It is a strangely mixed pack yapping at the heels
of•the Prime Minister, and I should have thought the Spectator too fastidious to join it. —R. G. LIVEING, Commander RN (recd.), Alverstoke, Hants No one has explained why Britain attacked Egypt rather than Israel, the latter being the immediate aggressors; nor how, by attacking the canal, which was well behind the actual combatants, we 'kept the fighters apart.' There certainly never will be peace in the Middle East till the Arab-Israel animosity is cleared away. It seems to me that no settlement is possible until the 900,000 Arab refugees, exiled from the land that they and their forefathers had dwelt in for centuries, are allowed to return.
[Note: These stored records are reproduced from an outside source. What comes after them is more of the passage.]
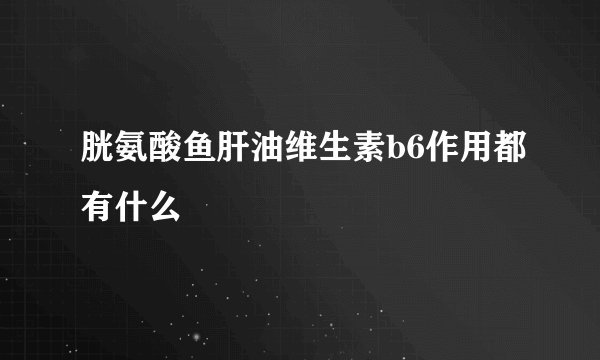 胱氨酸鱼肝油维生素b6作用都有什么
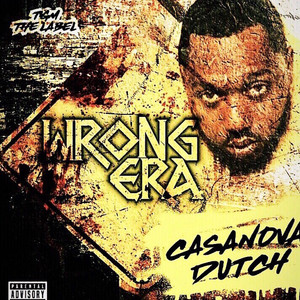 Wrong Era (Explicit)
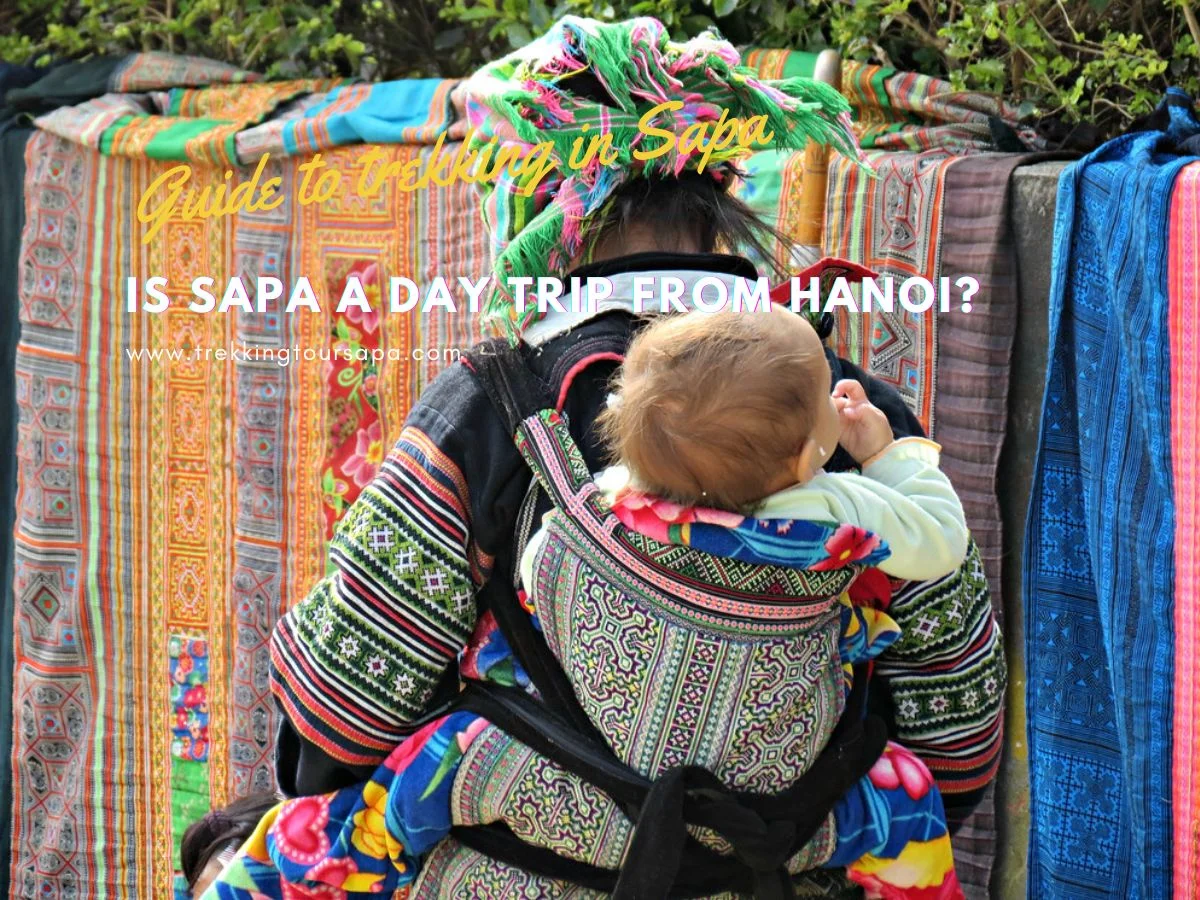 is sapa a day trip from hanoi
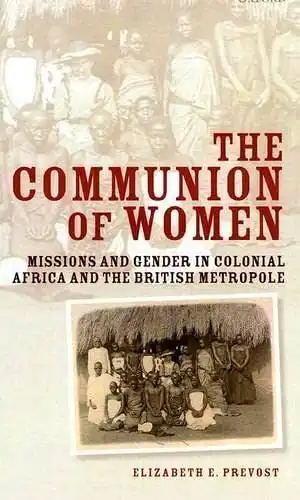Buch: The Communion of Women, Prevost,  Elizabeth E., 2010, Oxford University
—JOHN W. GALLOWAY, Perth • . . The root reason for our action in Egypt is pretty clear to most thinking people. Control of the Middle East has been a Russian aim for years. Any serious Arab-Israel flare-up would have been exploited at once by Russia. —GROUP CAPTAIN A. P. CAMPBELL, CBE, Stopham, Sussex . . . One note has repeatedly been sounded by writers drawn from all sections of opinion : namely, that there exists between the British and the Arabs a close and powerful bond, which must on no account be severed, and in the name of which no Arab country must be in any way offended. . . . Those who have grown to political consciousness since the war have little evidence of the affinity. If it is a myth, it should be exploded. If it is a reality, will someone please point out what it consists of, and how it manifests itself?
—VERA QUINN, Jubilee Place, SW3 . . . Granted the premise that by intention the action taken against Egypt was in the nature of a police or preventive action, it is unreasonable to take exception to the use of air bombardment to neutralise our opponent's air force on the ground and so save not only our lives but theirs.
--DAVID HENSCHEL, Dulwich College
I believe that when the present hysteria has died down and the country as a whole has given the flow of events a little sober thought, it will come to thank its lucky stars that it had a man both capable of grasping and wise enough to grasp the nettle at the right time.